Now they have tracked their quarry to the entry in this thicket, and the scent is strong. They have run up to the entry, and pulled back again, bawling: they believe that the stag is there. The sound of a pack in full cry, each animal barking as if tuned to a different note, all the notes moving with and across and after each other in agitated counterpoint, is Anne’s favourite sound, and it charms her further and further forward, until she is close enough to discern each broken bough at the entry, close enough to see the huntsman stop to check the footprints, to make sure that the hounds are baying for the right beast, close enough—
‘Anne – get back this instant! Warner! What are you about, man?’

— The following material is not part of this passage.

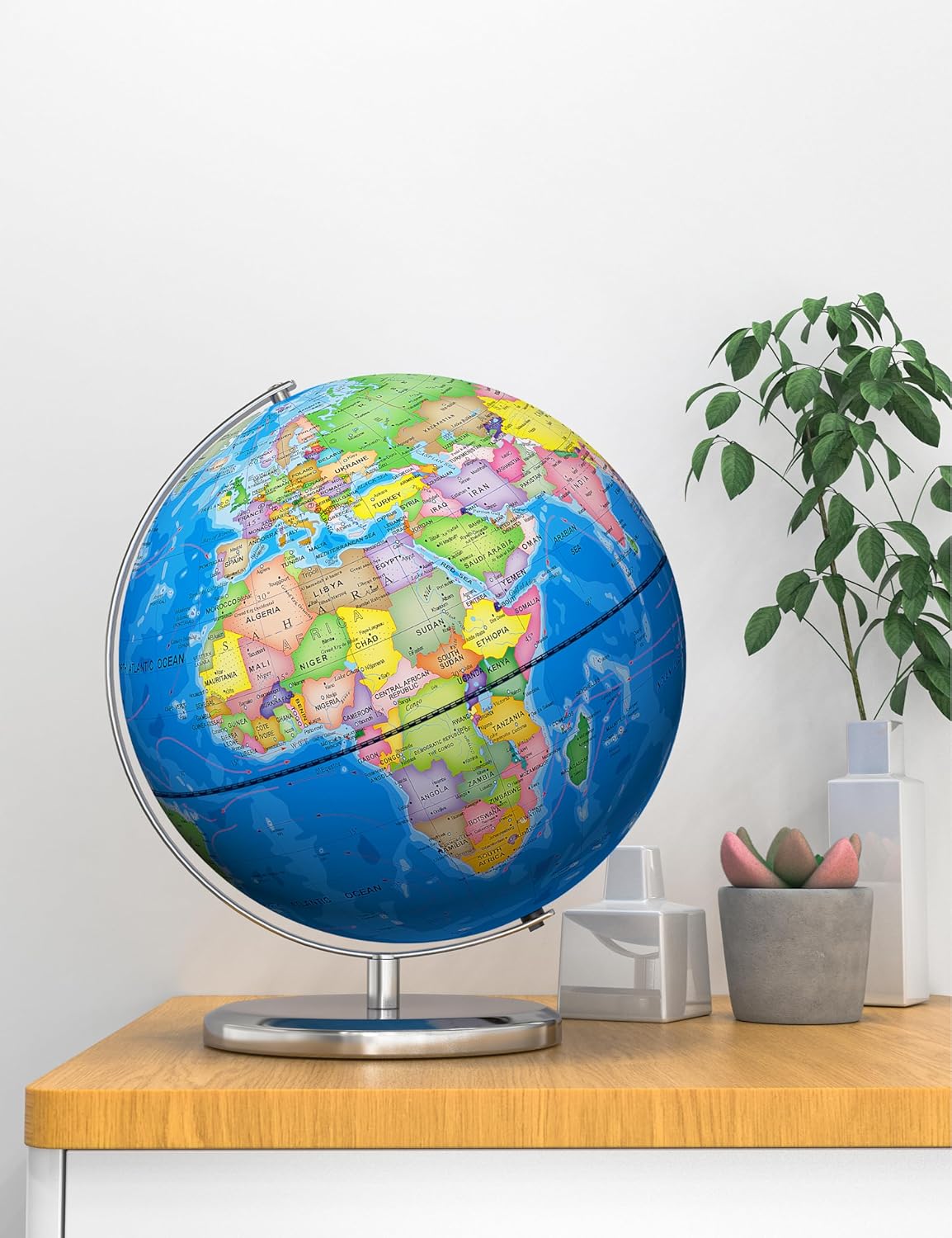 SOUNDANCE 13 Inch World Globe with Stable Heavy Metal Base, Educational Globe for Kids Learning, Large Globes Lamp with Colorful HD World Map Details, Constellation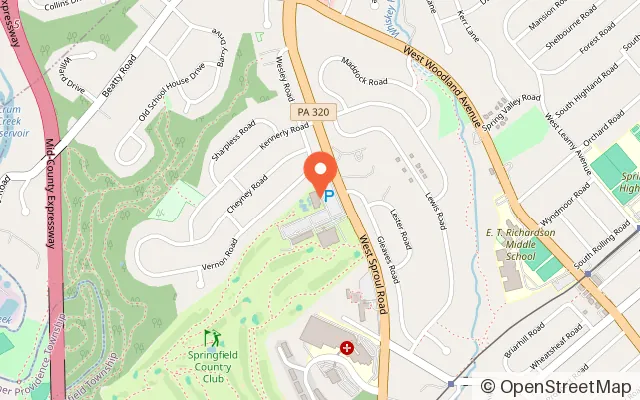 Map showing Springfield Ice Skating Rink in Springfield, PA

It is the Duke’s voice, half-fear, half-rage, and louder even than the hounds. She pulls back at once, and goes to beg her father’s pardon, but he has not quite finished being angry yet.
‘What did you think you were doing, girl? Have I not taught you better? Do you have a sword now, do you? Do you?’
Anne opens her mouth and shuts it again.
‘Well, do you have a sword? A stick? Anything? Are you armed?’